One of the mysteries from Brighton's past is captured in a photograph from the Thirties showing a wall of what was known locally as "The House of Skulls".

Does any reader even vaguely remember hearing of it?

The wall was in the side of a printing works in Robert Street, off North Road, which was taken over by Southern Publishing in the 1920s. This, of course, is where The Argus was produced for many years before the move to Hollingbury.

Before the printing works were built, a foundry occupied the site in early Victorian times. At some point, there was a huge explosion that killed nine workmen.

There is nothing particularly unusual in that. There were few safety regulations then and accidents were probably regular occurrences.

However, you'd have thought the bodies would have been blown here, there and everywhere but they weren't. Eight of the men were found lying face up in a perfect circle, feet pointing inwards, arms more or less at sides, legs straight, with hardly a mark on them.

The ninth body, of the foreman, was outside the circle and "upside-down" to the others.

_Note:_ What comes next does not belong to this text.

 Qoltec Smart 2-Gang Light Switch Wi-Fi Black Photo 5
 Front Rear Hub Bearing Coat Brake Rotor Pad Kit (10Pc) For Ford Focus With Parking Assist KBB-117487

The owner of the works, a man named Cheeseman, decided to erect a strange memorial to the men in the form of the miniature skulls set into the wall. The top skull represents the foreman, so is upside down. These skulls, facing the houses on the other side of the street were in place for something like a hundred years.

The mystery is what happened to them. The wall came down 70 years ago, in 1934, and local papers report the skulls would be reinstalled somewhere else in the building.

So were they put back but then inadvertently lost during the conversion work that has taken place since The Argus left?

Or are they still there, inside the new building, arranged in a circle again, perhaps hidden in a secret chamber, or some special place that hasn't been disturbed?